Grief is terrifying—it can feel like we have a flu. On every
level of our being, grief can affect us. To not fight against it, Sheryl
Sandberg after her husband died said to lean into the grief. What that means to
me is not that you like it, but that you surrender to a process you have to go
through to get through it.
Grief is something we have to almost embrace. Especially
with the death of a child, there’s no timeline. It’s a lifelong experience. It
changes. It doesn’t go away, but it gets softer. It’s like sea glass, it gets
softer over the years, and grief is the same way.
One of the reasons I finally wanted to write the book is to
bridge the gap between the bereaved and the non-bereaved, to take some of the
stigma away from having a child die.
When it is suicide or murder, there is a stigma. Having a
child die is a stigma—no one wants to mention it. I wanted to take it out of
the closet. Children are dying all over the world. In so many different ways,
at so many different ages. At whatever age. Even if the child is 40, 50, 60.
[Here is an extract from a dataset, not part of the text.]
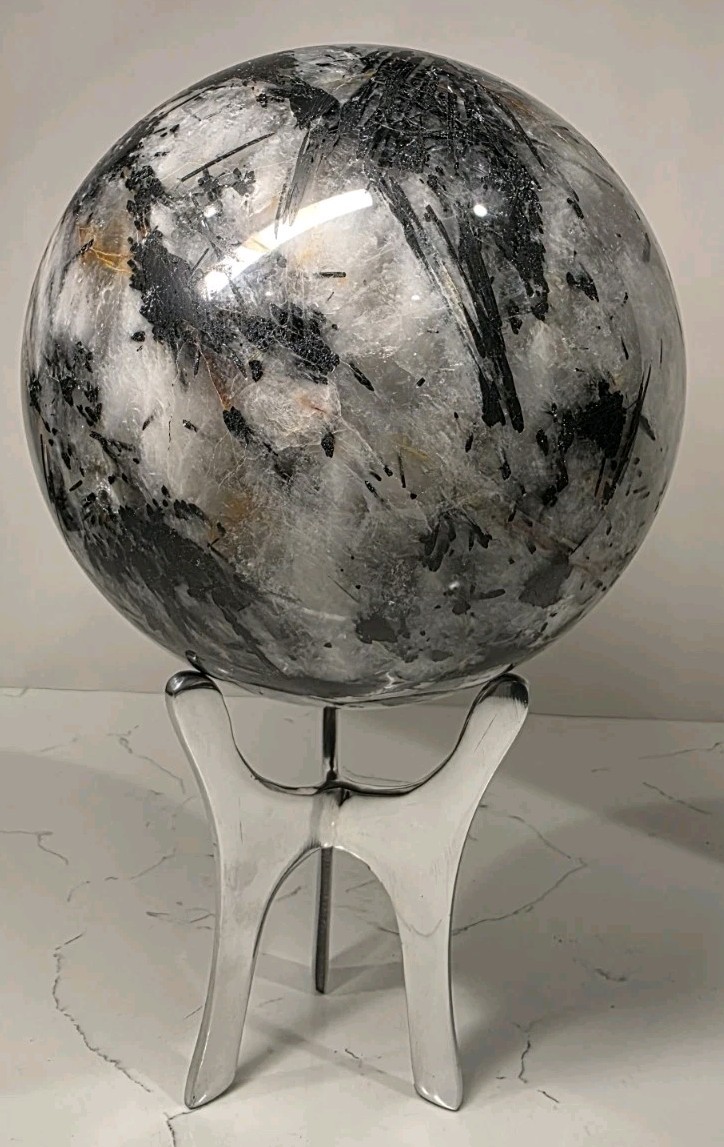 16.8LB 7″ Huge Tourmalinated Quartz Sphere Black Tourmaline Crystal Orb / Stand
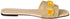 Deeda Women’s Faux-Leather Slide Slippers with Stitched Flower Detail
Q: How have people reacted to the book?
A: It was incredible and surprising to me—when I first
started, and I showed it to people in the industry, they said, nobody wants to
read about grief. That’s not the reaction I’ve gotten to the book. It’s been
overwhelmingly positive. People have embraced the book.
It’s helped bring the idea of a child’s death out of the
closet. When I was writing the book, a friend called me one day, and whispered,
Did you know Melissa had a child die? I said, I didn’t, but why are we
whispering? She said, I don’t want to gossip. I said, telling me a child died
is not gossip.
That’s part of why I had “the unspeakable” [as part of the
title]. Bereaved parents and grandparents love to speak about their child. Other
people are so afraid: I don’t want to bring up their pain. Bereaved parents
will tell you that the pain is already there.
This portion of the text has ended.